=== About this task ===
Transcribe exactly the lines from the one containing "Used Volkswagen Polo" through the last line of the listing below, inclusive, and nothing beyond them.
═════ Input for this task ═════
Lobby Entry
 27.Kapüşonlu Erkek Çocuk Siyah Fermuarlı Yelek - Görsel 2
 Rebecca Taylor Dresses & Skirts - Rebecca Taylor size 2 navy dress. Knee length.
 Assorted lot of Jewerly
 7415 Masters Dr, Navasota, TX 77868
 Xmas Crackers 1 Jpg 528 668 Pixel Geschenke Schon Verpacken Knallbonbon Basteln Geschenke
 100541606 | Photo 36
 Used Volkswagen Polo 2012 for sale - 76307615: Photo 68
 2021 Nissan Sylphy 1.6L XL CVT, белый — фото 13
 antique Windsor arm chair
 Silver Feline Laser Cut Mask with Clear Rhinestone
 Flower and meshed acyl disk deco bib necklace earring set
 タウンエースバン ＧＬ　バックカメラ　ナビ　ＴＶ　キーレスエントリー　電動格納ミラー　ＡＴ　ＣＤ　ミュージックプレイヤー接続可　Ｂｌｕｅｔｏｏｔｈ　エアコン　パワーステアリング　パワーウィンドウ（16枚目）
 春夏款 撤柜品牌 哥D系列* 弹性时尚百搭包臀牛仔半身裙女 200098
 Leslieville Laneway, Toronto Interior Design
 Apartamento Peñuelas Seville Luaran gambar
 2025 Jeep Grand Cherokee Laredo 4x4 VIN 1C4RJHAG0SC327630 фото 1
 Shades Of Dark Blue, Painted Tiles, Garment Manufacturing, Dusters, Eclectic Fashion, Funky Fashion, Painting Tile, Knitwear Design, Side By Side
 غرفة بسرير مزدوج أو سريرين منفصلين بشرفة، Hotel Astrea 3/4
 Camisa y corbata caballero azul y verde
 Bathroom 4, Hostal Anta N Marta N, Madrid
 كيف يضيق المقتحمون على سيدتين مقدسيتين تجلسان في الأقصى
═════
=== Expected answer ===
 Used Volkswagen Polo 2012 for sale - 76307615: Photo 68
 2021 Nissan Sylphy 1.6L XL CVT, белый — фото 13
 antique Windsor arm chair
 Silver Feline Laser Cut Mask with Clear Rhinestone
 Flower and meshed acyl disk deco bib necklace earring set
 タウンエースバン ＧＬ　バックカメラ　ナビ　ＴＶ　キーレスエントリー　電動格納ミラー　ＡＴ　ＣＤ　ミュージックプレイヤー接続可　Ｂｌｕｅｔｏｏｔｈ　エアコン　パワーステアリング　パワーウィンドウ（16枚目）
 春夏款 撤柜品牌 哥D系列* 弹性时尚百搭包臀牛仔半身裙女 200098
 Leslieville Laneway, Toronto Interior Design
 Apartamento Peñuelas Seville Luaran gambar
 2025 Jeep Grand Cherokee Laredo 4x4 VIN 1C4RJHAG0SC327630 фото 1
 Shades Of Dark Blue, Painted Tiles, Garment Manufacturing, Dusters, Eclectic Fashion, Funky Fashion, Painting Tile, Knitwear Design, Side By Side
 غرفة بسرير مزدوج أو سريرين منفصلين بشرفة، Hotel Astrea 3/4
 Camisa y corbata caballero azul y verde
 Bathroom 4, Hostal Anta N Marta N, Madrid
 كيف يضيق المقتحمون على سيدتين مقدسيتين تجلسان في الأقصى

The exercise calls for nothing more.